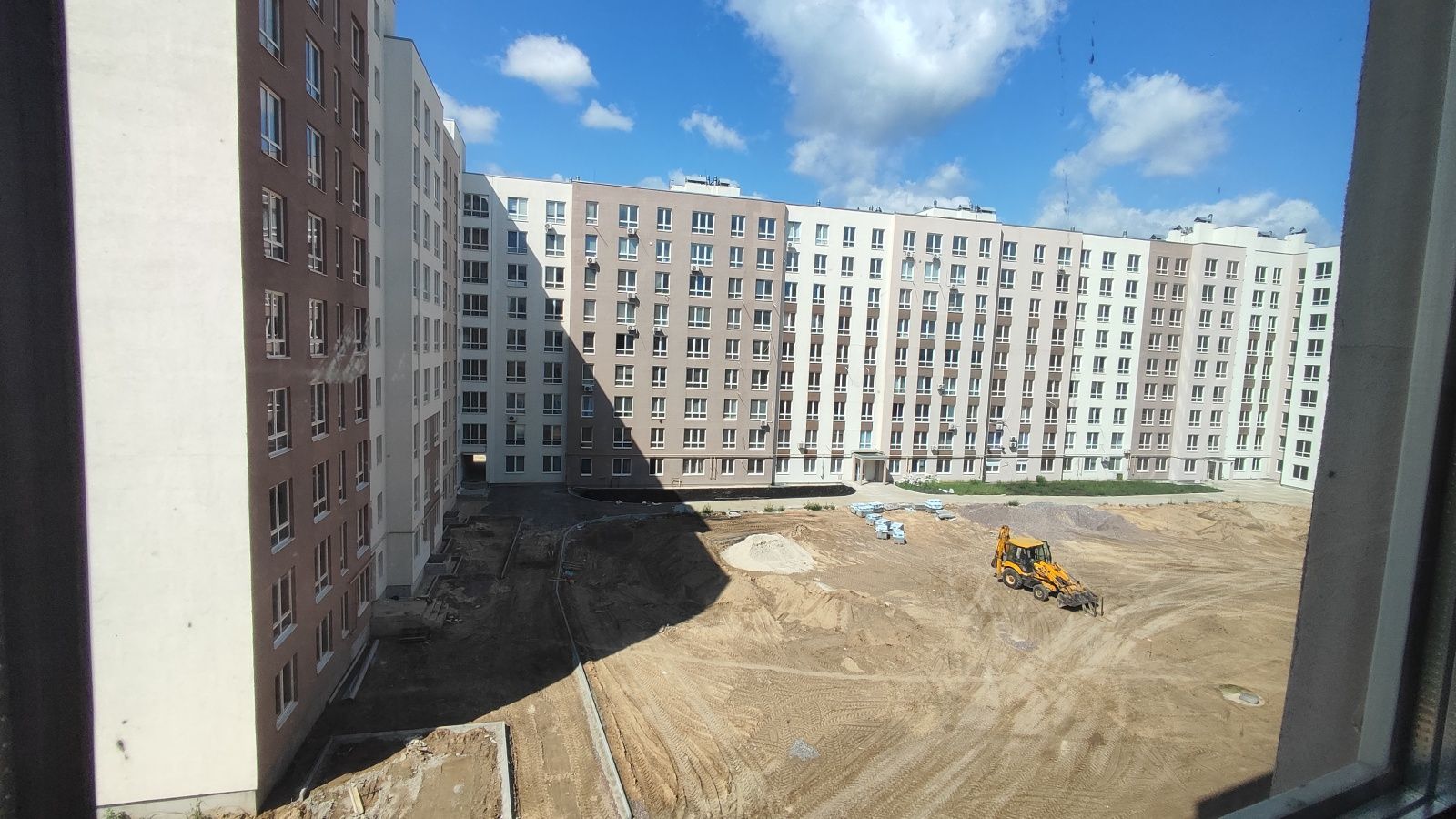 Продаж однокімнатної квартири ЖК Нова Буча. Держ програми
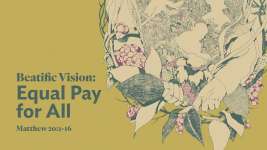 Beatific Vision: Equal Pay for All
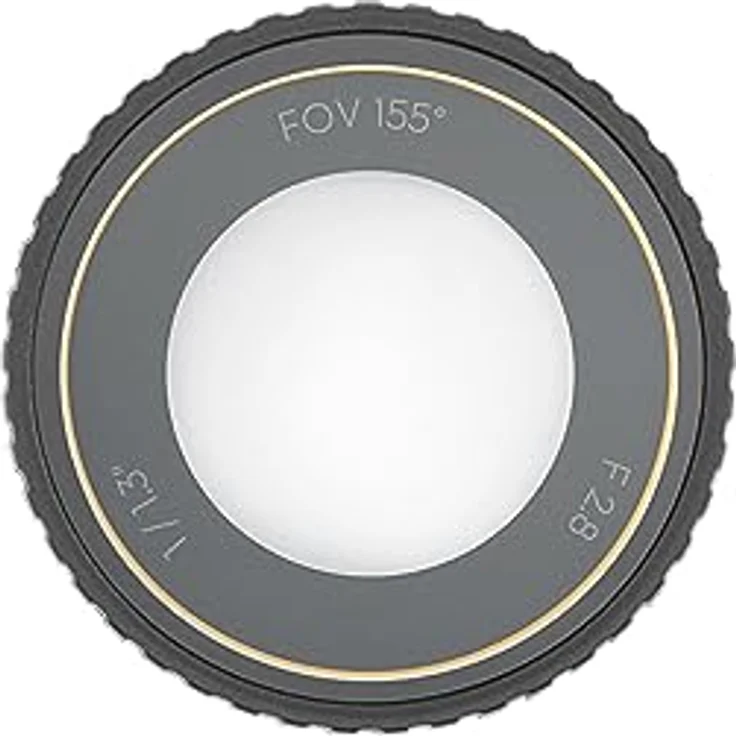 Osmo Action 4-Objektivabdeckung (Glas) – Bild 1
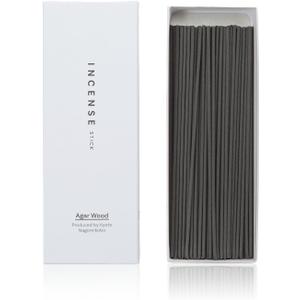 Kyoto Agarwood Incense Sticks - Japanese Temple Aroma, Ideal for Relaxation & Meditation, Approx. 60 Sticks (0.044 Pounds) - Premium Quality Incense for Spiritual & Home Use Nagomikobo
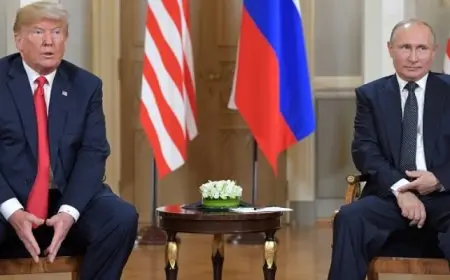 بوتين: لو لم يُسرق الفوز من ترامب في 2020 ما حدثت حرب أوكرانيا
_ _ _ _ _
Prompt
This task calls for an exact copy of the data above, without pictures.

Task output
 Продаж однокімнатної квартири ЖК Нова Буча. Держ програми
 Beatific Vision: Equal Pay for All
 Osmo Action 4-Objektivabdeckung (Glas) – Bild 1
 Kyoto Agarwood Incense Sticks - Japanese Temple Aroma, Ideal for Relaxation & Meditation, Approx. 60 Sticks (0.044 Pounds) - Premium Quality Incense for Spiritual & Home Use Nagomikobo
 بوتين: لو لم يُسرق الفوز من ترامب في 2020 ما حدثت حرب أوكرانيا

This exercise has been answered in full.